Listed entries section start

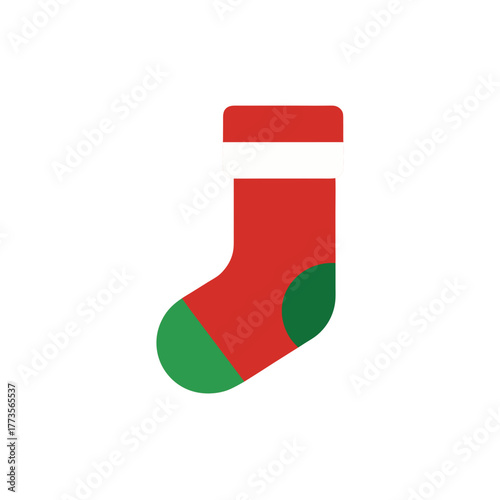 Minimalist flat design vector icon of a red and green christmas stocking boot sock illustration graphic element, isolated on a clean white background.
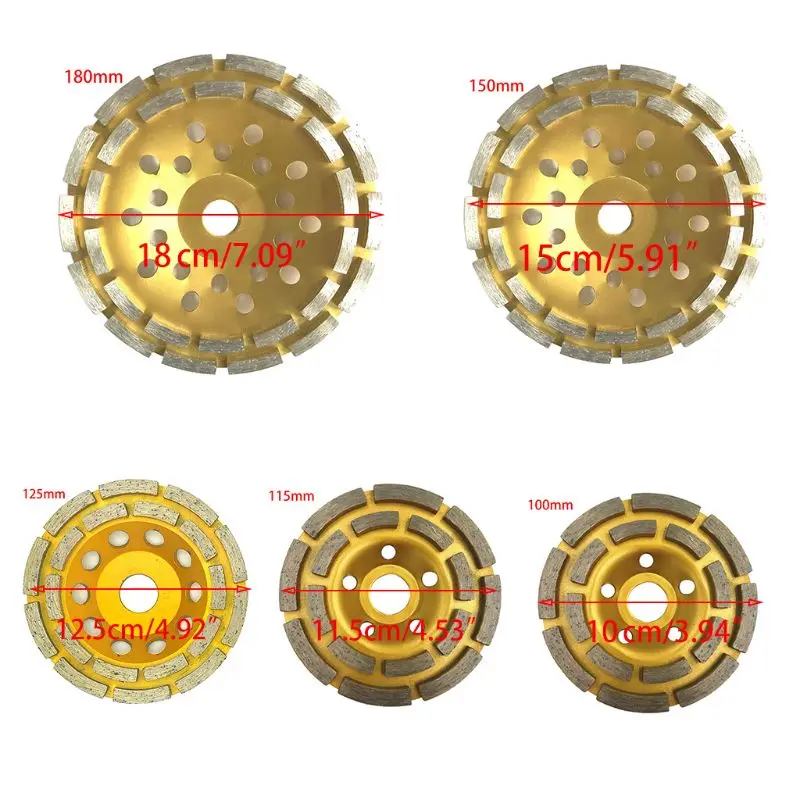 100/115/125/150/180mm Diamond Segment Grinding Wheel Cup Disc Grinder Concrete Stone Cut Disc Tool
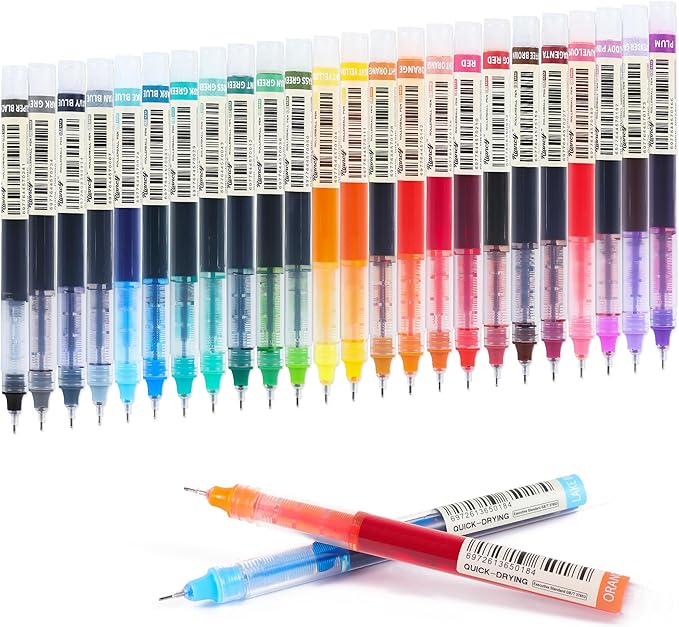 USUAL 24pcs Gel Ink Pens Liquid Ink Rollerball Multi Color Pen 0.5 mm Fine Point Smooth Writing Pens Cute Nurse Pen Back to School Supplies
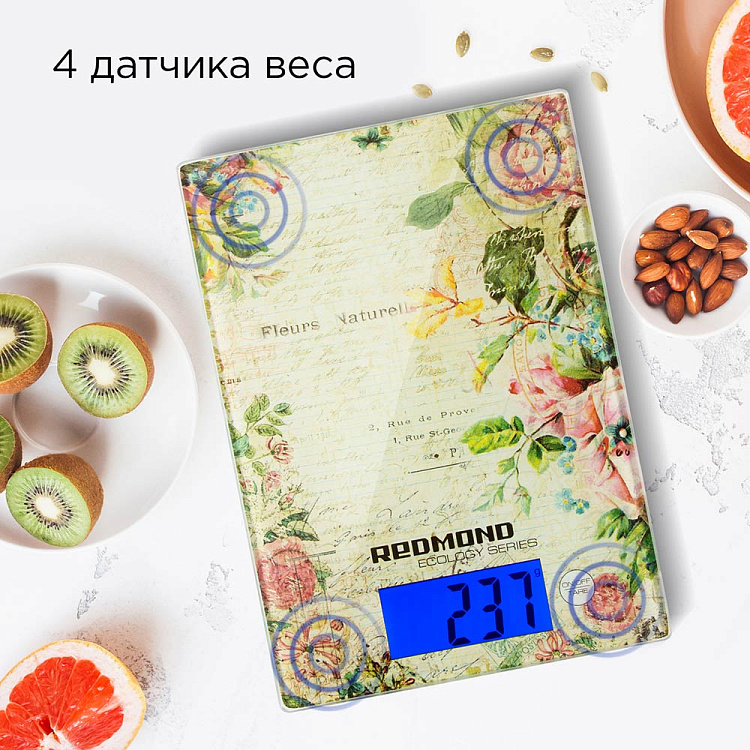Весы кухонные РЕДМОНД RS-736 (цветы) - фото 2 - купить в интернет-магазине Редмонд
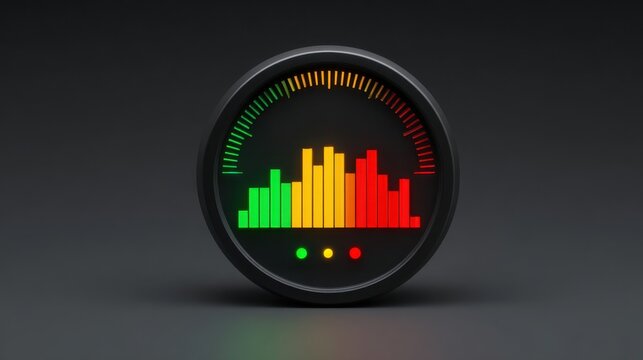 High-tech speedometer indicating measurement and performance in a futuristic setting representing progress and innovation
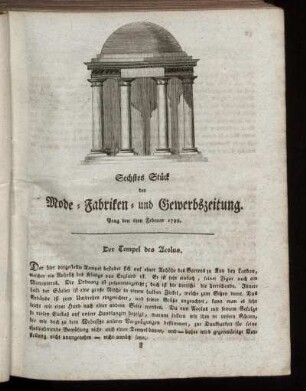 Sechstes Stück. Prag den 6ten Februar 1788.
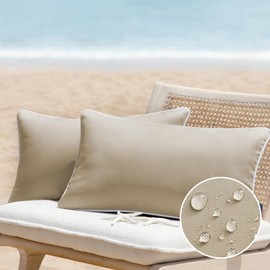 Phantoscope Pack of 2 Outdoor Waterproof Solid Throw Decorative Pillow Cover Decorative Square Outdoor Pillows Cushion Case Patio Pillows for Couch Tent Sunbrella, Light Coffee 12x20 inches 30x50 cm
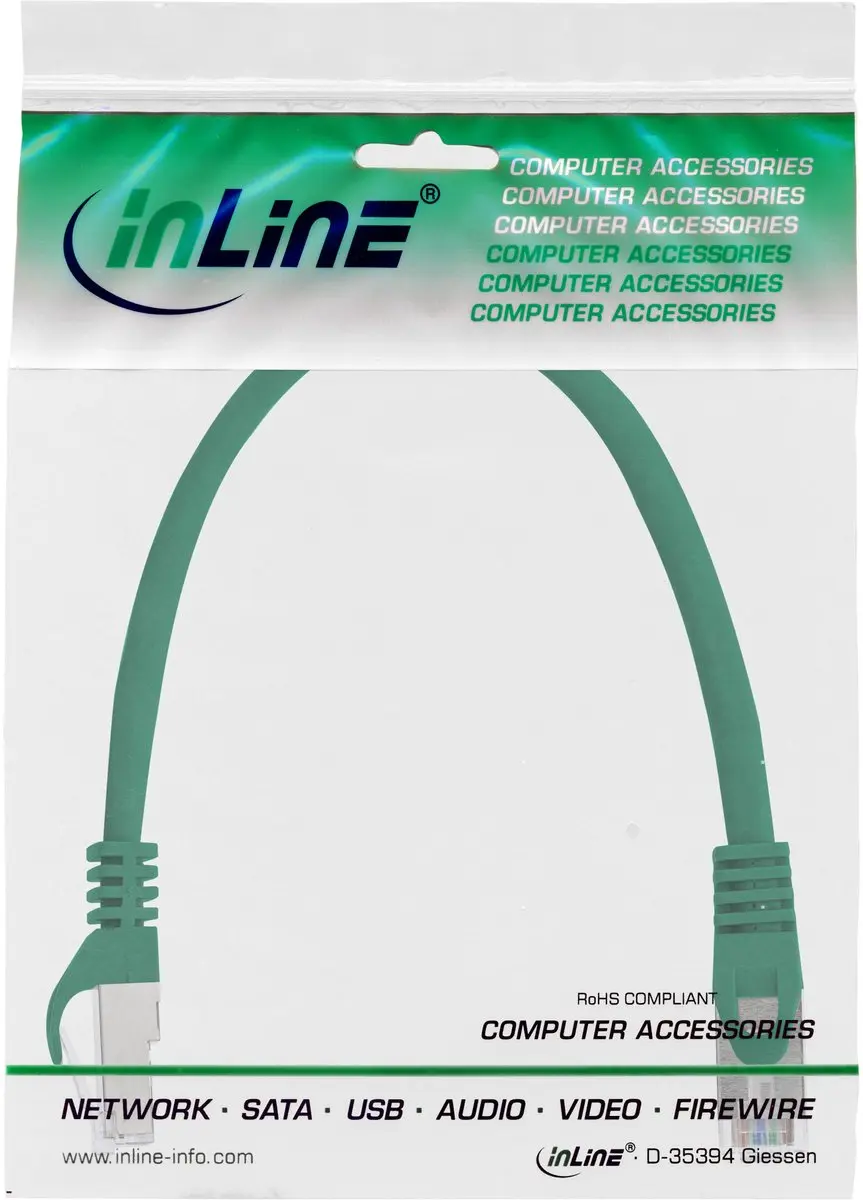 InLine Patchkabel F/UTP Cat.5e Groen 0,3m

Listed entries section end

* [Directions]:
Word for word, copy all the entries above, but with no pictures.

* [Solution to this problem]:
 Minimalist flat design vector icon of a red and green christmas stocking boot sock illustration graphic element, isolated on a clean white background.
 100/115/125/150/180mm Diamond Segment Grinding Wheel Cup Disc Grinder Concrete Stone Cut Disc Tool
 USUAL 24pcs Gel Ink Pens Liquid Ink Rollerball Multi Color Pen 0.5 mm Fine Point Smooth Writing Pens Cute Nurse Pen Back to School Supplies
Весы кухонные РЕДМОНД RS-736 (цветы) - фото 2 - купить в интернет-магазине Редмонд
 High-tech speedometer indicating measurement and performance in a futuristic setting representing progress and innovation
 Sechstes Stück. Prag den 6ten Februar 1788.
 Phantoscope Pack of 2 Outdoor Waterproof Solid Throw Decorative Pillow Cover Decorative Square Outdoor Pillows Cushion Case Patio Pillows for Couch Tent Sunbrella, Light Coffee 12x20 inches 30x50 cm
 InLine Patchkabel F/UTP Cat.5e Groen 0,3m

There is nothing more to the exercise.